6 Proposed Goverment Financing Changes

by Bob Schwartz

real estate marketFNMA and FHLMC have proposed 6 major changes to help stabilize the housing and home financing market. These changes include:

1.   The elimination of the "declining market" designation which forced lenders to reduce maximum financing by 5% in many markets (San Diego County included). Some individual lenders and investors will continue to use this designation but not loans that are directly sold to FNMA and FHLMC. This begins effective June 1st 2008. This is good news!
2.   The raising of the "conforming" loan limits which went from $417,000 to $697,500 in San Diego. This has been implemented and the higher limits are currently in place. This allows buyers to obtain what would have been "jumbo" loans at lower rates and with lower down payment requirements.  
3.   The ability of certain property owners to refinance up to 120% of the appraised value of their homes if they are not behind in their payments. While this sounds good, it has a LOT of limitations and I anticipate that it will be little used.
4.   A $10 Billion grant to states to assist first-time home buyers.

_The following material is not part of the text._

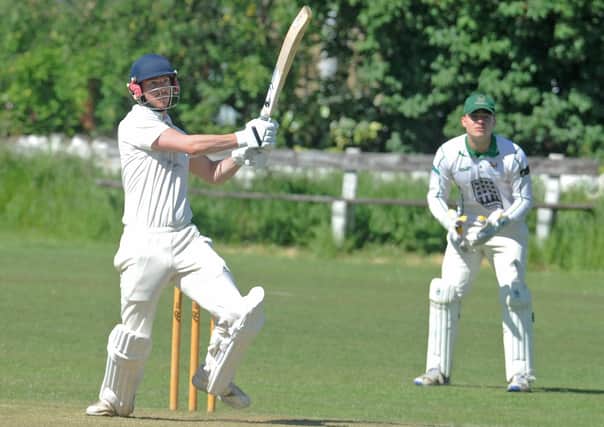 George Myers on his toes on the way to 187, a knock that included 21 fours and 13 sixes for Rawdon at Aire-Wharfe Division 1 rivals Horsforth. Picture: Steve Riding.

This should help to fund bond and down payment assistance programs which are beneficial to many first time buyers!
5.   The establishment of a "rent to own" program for first time buyers to help get them into properties. The idea is to reduce the number of foreclosed and REO properties, but this program is also somewhat restrictive and cumbersome and my best guess is that it will be little used.
6.   The last proposal is the pricing of what are now being called "agency jumbo" loans (in SD County, these would be loans from $417,000 to $697,500) the same as regular conforming fixed rate loans. i.e. eliminating the premium charged for loans over $417,000 that are sold to FNMA and FHLMC. This would be great if it is implemented as it will make mortgage financing more affordable and assist more potential home buyers.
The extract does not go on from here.